Pant boots, pantashoes, pantaleggings – whatever you want to call them, the heel-trouser hybrid will surely be Demna’s most defining womenswear silhouette. Introduced as the bottom half of SS17’s opening look (pictured above), the pant boot went on to grace every red carpet from here to Mars, and is endlessly imitated by other brands. Despite its mass appeal, there’s something quite perverted and uncanny about its shape and feel, a design only Demna could have dreamed up.
Demna shocked the fashion industry in 2020 by reintroducing Balenciaga Haute Couture for the first time in 50 years – but the surprises didn’t stop there. For AW22, Demna enlisted Dua Lipa, Kim Kardashian and Nicole Kidman to walk in the show, and in doing so opened couture to an even wider audience than before.
Demna’s AW15 Vetements show was famously held in a Parisian sex club, but his most overt expression of kink at Balenciaga was the Spring 23 show, where a gaggle of gimps ran through the New York Stock Exchange floor. Many debated whether the figures infiltrating that space were a powerful riposte against consumerism, or just another example of fashion’s willing participation in capitalism.
For SS22, Demna had a few tricks up his sleeve. The red carpet going into that season’s show turned out to be the actual catwalk, with “celebrity arrivals” like Isabelle Huppert and Offset actually modelling the clothes. Once inside, Demna debuted The Simpsons | Balenciaga an animated mini movie where Homer made it all the way to the Paris catwalk and even got a thumbs up from Anna Wintour.

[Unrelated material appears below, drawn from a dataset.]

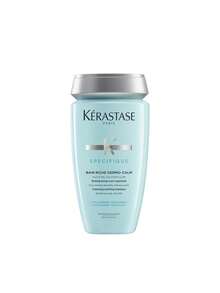 Kérastase [Bundle] Specifique Bain Riche Dermo-Calm Shampoo 250 Ml + Masque Hydra Apaisant Hair Mask 200 Ml - Specific - View 2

Whether you love them or loathe them, you cannot deny the huge impact of the Triple S trainer. Introduced as the main footwear for Demna’s first menswear show, the shoes were created in collaboration with footwear designer David Tourniaire-Beauciel, and had an absolute chokehold on the late 2010s. Though they may be divisive, their influence on current day sneaker silhouettes cannot be overstated.

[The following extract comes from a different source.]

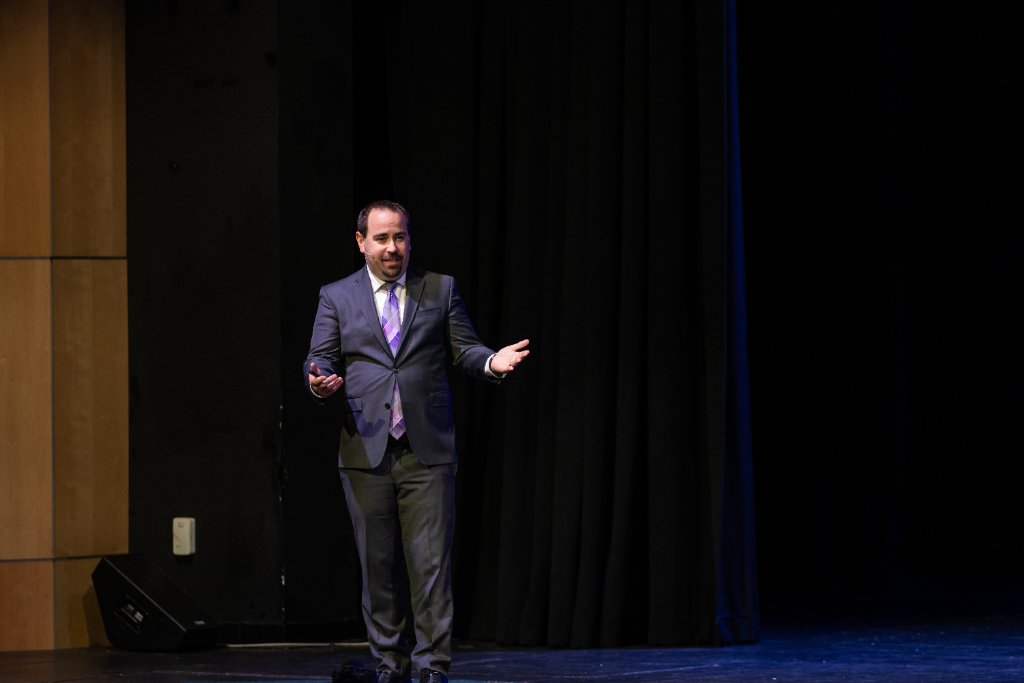 Leadership Talk Ideas for Small Business Conferences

In the wake of Donald Trump’s (first) election to president, Demna brought out an AW17 men’s collection with the logo of a left-wing Democrat plastered all over it. The logo was a runway success, and showed early on that Demna wasn’t afraid of entering the political conversation – plus the collection even got a co-sign from Bernie Sanders himself.

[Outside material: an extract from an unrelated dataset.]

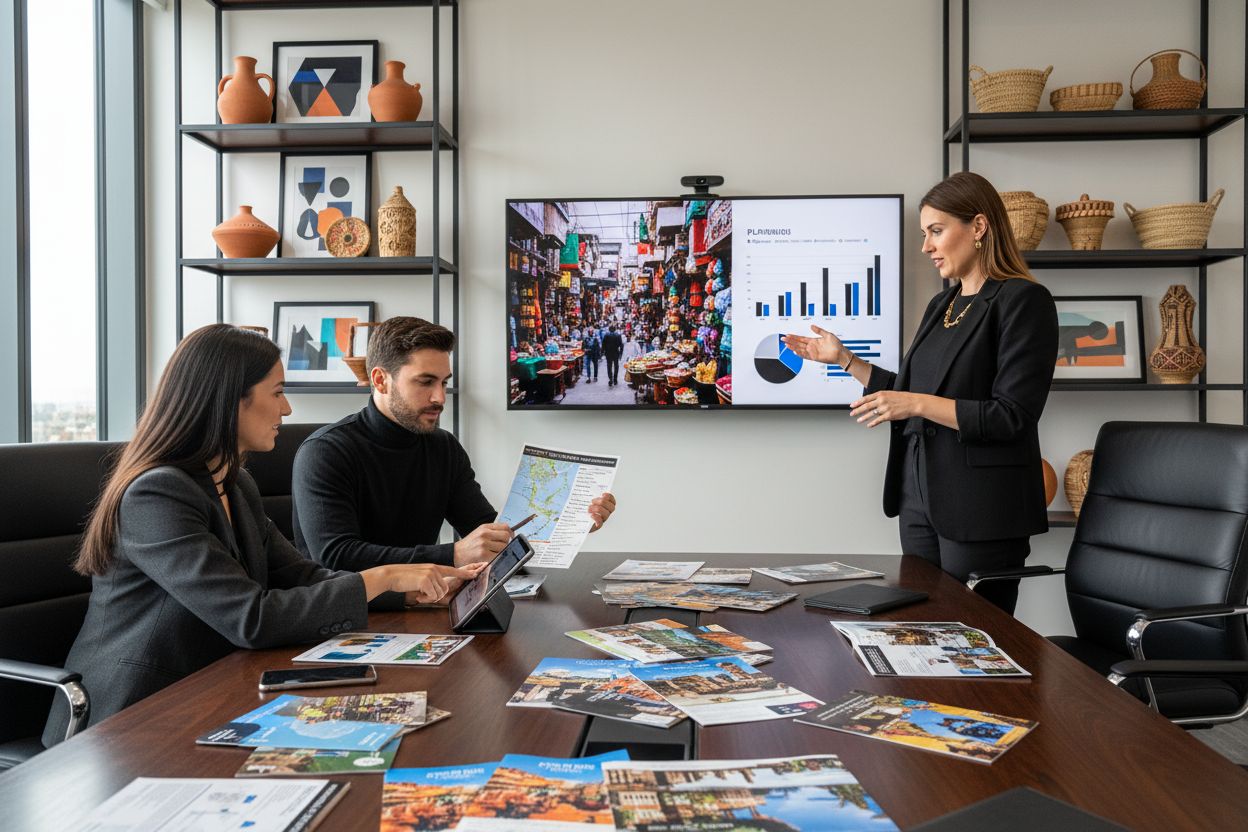 group travel planning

Taking place in a 360 degree snowglobe-like structure, Balenciaga’s AW22 offering, now dubbed ‘The Snow Show’, was conceived as a comment on the climate crisis, but took on a deeper meaning following Russia’s invasion of Ukraine. “The war in Ukraine has triggered the pain of a past trauma I have carried in me since 1993, when the same thing happened in my country and I became a forever refugee,” Demna commented at the time. Drawing on his experience as a displaced person – having fled Georgia during the Abkhazia conflict of the early 90s – Demna’s AW22 show, with its biting snow and blistering winds, is the defining image of his time at Balenciaga.